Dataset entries
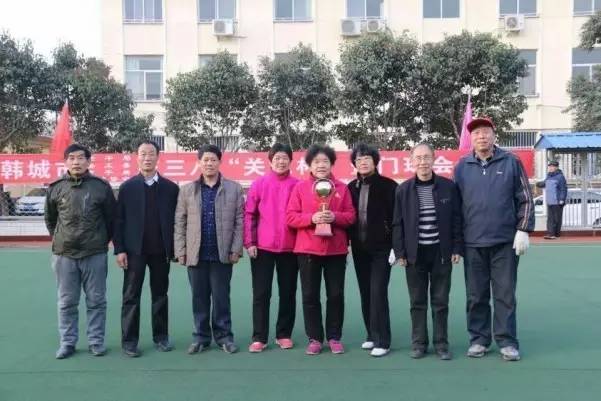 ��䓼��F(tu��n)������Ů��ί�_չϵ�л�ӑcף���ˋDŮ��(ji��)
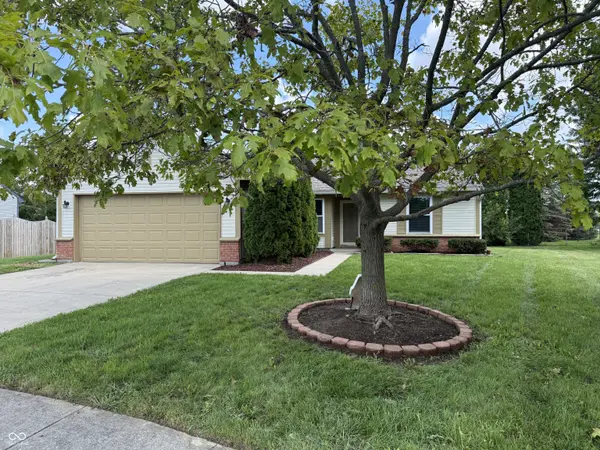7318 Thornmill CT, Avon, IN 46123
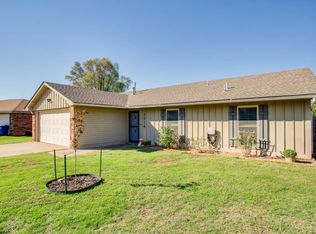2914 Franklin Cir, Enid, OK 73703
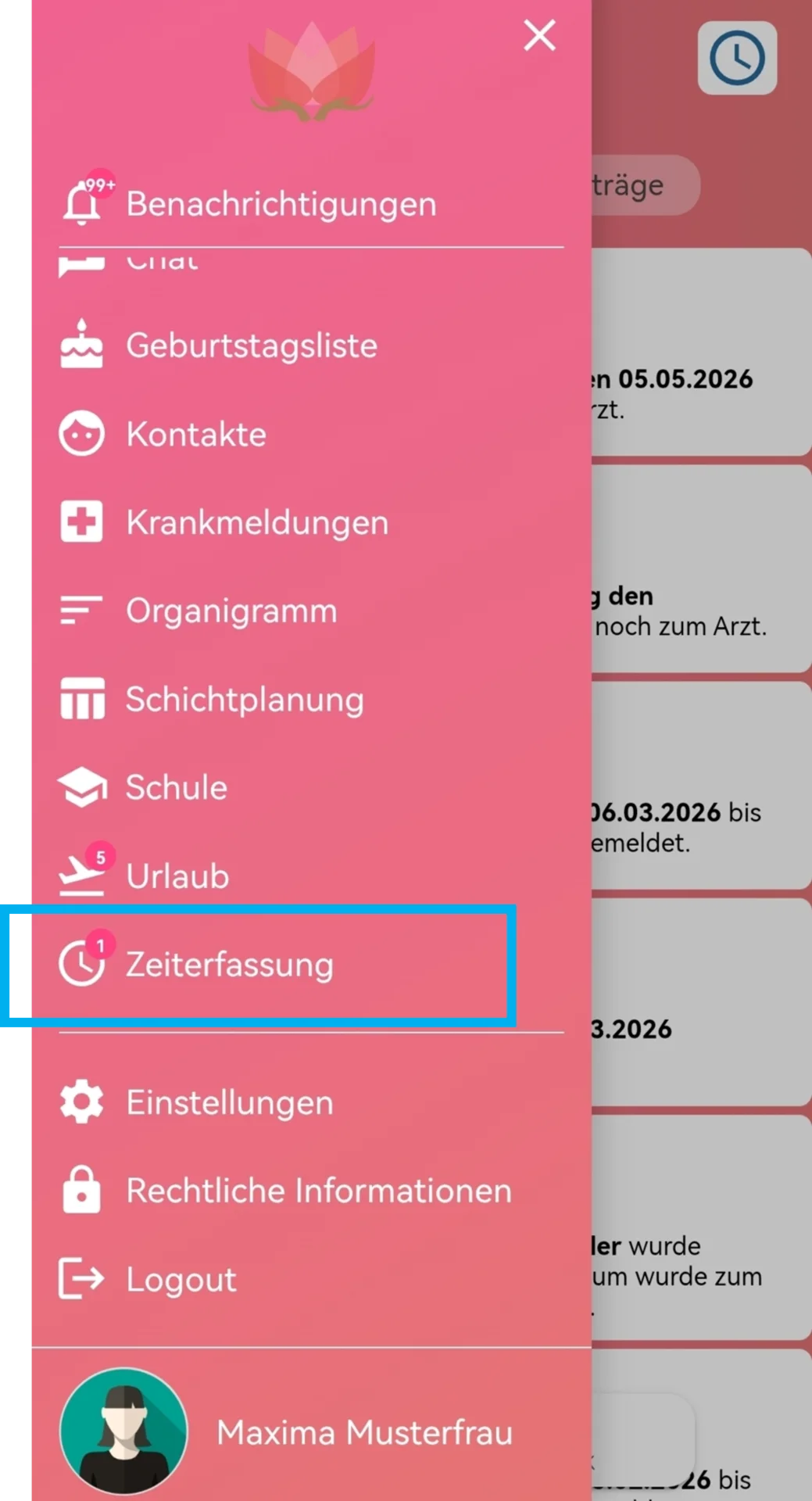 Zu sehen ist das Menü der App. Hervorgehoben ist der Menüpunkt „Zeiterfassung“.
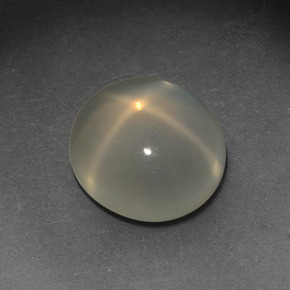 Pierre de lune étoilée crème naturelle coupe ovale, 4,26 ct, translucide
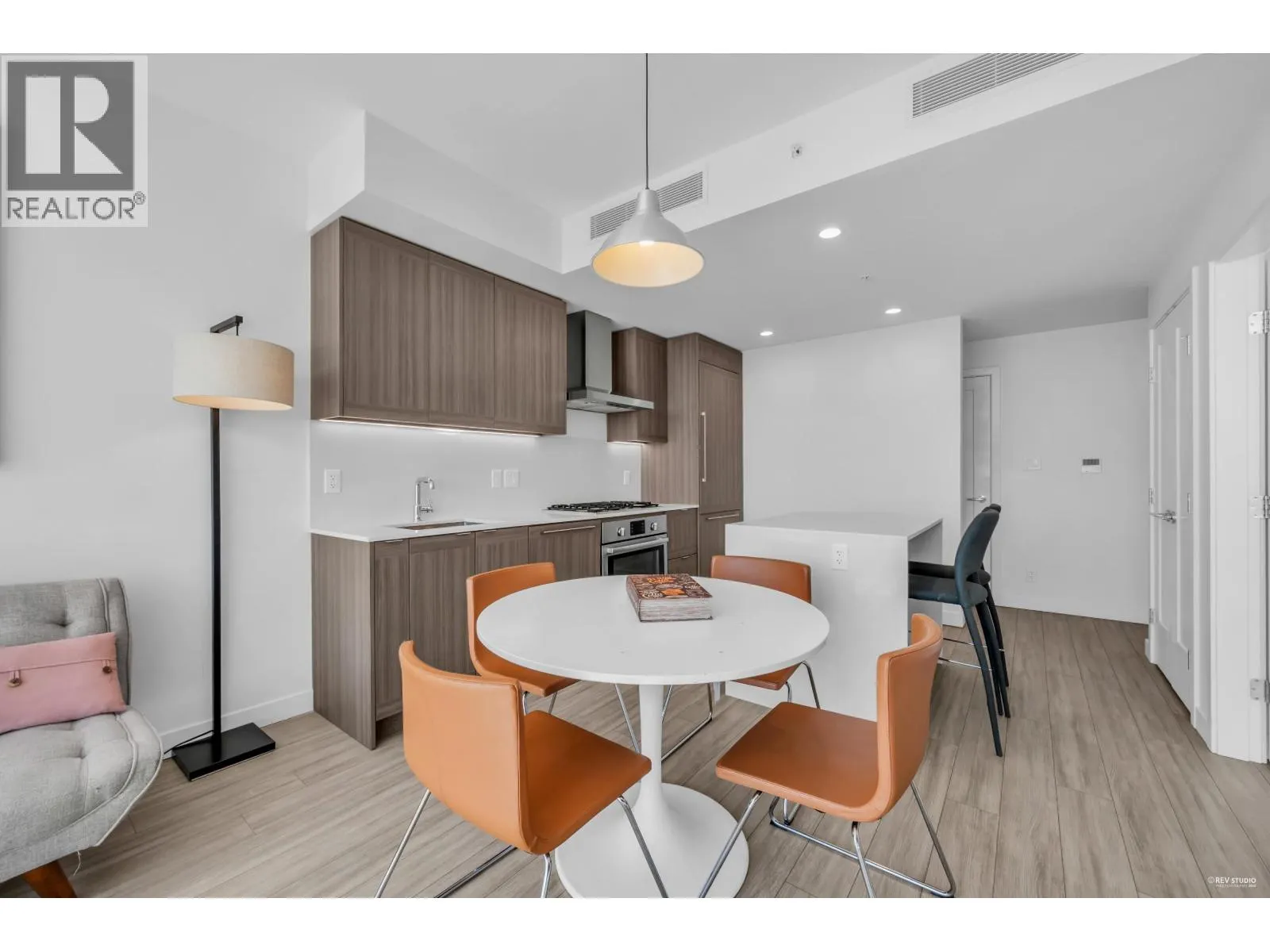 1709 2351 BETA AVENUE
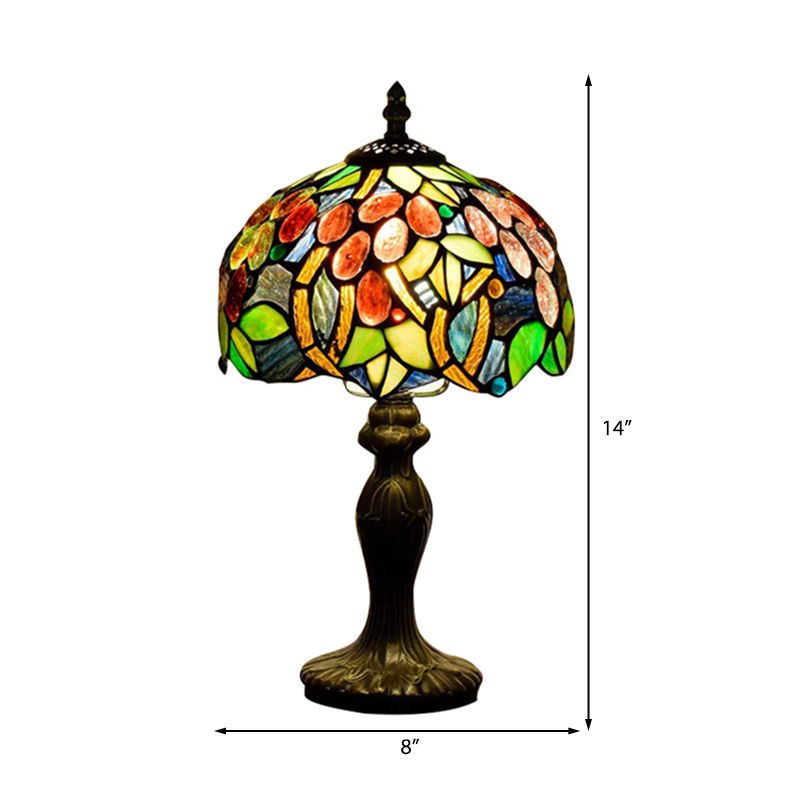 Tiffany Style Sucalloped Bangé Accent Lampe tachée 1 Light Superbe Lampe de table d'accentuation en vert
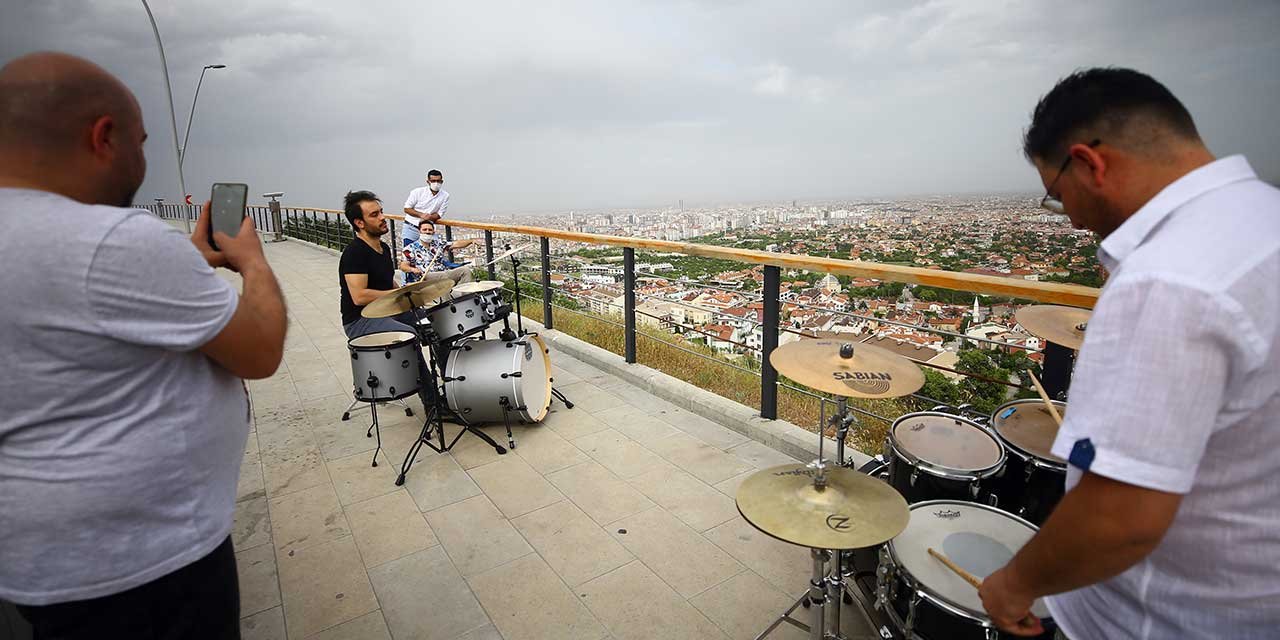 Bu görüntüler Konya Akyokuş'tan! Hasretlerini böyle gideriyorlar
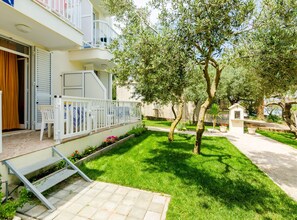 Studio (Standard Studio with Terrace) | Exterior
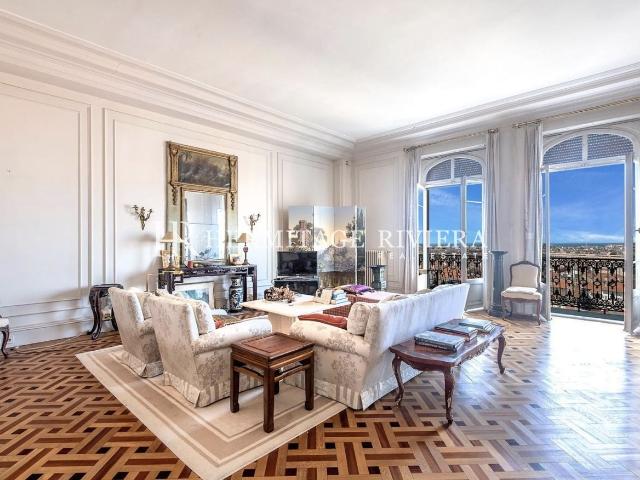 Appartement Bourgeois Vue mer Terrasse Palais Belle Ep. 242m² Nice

Aim of the task: An exact restatement is expected of the lines from the line containing "Studio (Standard Studio" to the end of the data above, pictures excluded.

Expected answer:
 Studio (Standard Studio with Terrace) | Exterior
 Appartement Bourgeois Vue mer Terrasse Palais Belle Ep. 242m² Nice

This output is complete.